The problem with this approach is that the EIP712 input that gets displayed in MM (output from RDF canonicalization) is essentially a blob of data to the user and basically not better than personal.sign.

The data as RDF/N-Quads should be able to be copy-pasted into other applications for further rendering or analysis before signing.

Better rendering of signing input will probably require support from the wallet. Or an additional extension to make the wallet render better, e.g. meta-metamask ;)

I attempt to describe the possible approaches for further discussion here: https://github.com/uport-project/ethereum-eip712-signature-2021-spec/issues/8

stale[bot] commented 3 years ago

This issue has been automatically marked as stale because it has not had recent activity. It will be closed if no further activity occurs. Thank you for your contributions.

clehner commented 3 years ago

I'm closing this issue, as the idea has been implemented, and a specification is being drafted as a work item of the W3C Credentials Community Group: https://github.com/w3c-ccg/community/issues/194.

EthereumEip712Signature2021 maps linked data documents and proof objects to EIP-712 TypedData using a JSON-based approach, with type definitions. There is an issue to make type generation automatic: https://github.com/uport-project/ethereum-eip712-signature-2021-spec/issues/9 and an issue about preserving the RDF data model: https://github.com/uport-project/ethereum-eip712-signature-2021-spec/issues/10. @spruceid's implementation can be seen at https://github.com/spruceid/ssi/pull/213.

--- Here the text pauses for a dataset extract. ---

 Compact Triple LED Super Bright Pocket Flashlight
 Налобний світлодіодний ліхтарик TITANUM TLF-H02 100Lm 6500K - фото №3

We also still have the suite using arrays of RDF statements (Eip712Signature2021) described earlier in this thread, but are preferring the one that is in CCG, for interoperability.

We've also been exploring using personal_sign in linked data signatures, for situations where EIP-712 signing is not available: https://github.com/spruceid/ssi/pull/212 (EthereumPersonalSignature2021).

While working out the usability implications of signing linked data, we are exploring use of "signing input explainer" tools, to help users make sense of what they are being asked to sign, e.g. https://github.com/spruceid/tzvm2021-explainer

EthereumEip712Signature2021 is specified as a proof type that can be used with existing verification method types (EcdsaSecp256k1VerificationKey2019 or EcdsaSecp256k1RecoveryMethod2020), rather than defining a new corresponding verification method type. Therefore, DID documents, methods and resolvers don't have to be updated to support the signature suite, only signers (VC issuers/presenters), and verifiers need to support the suite. CCG's VC HTTP API has also been updated to accommodate this use case, enabling issuers/presenters to select which proof type they want to created: https://github.com/w3c-ccg/vc-http-api/pull/197 (although admittedly, signing in the browser might not need VC HTTP API).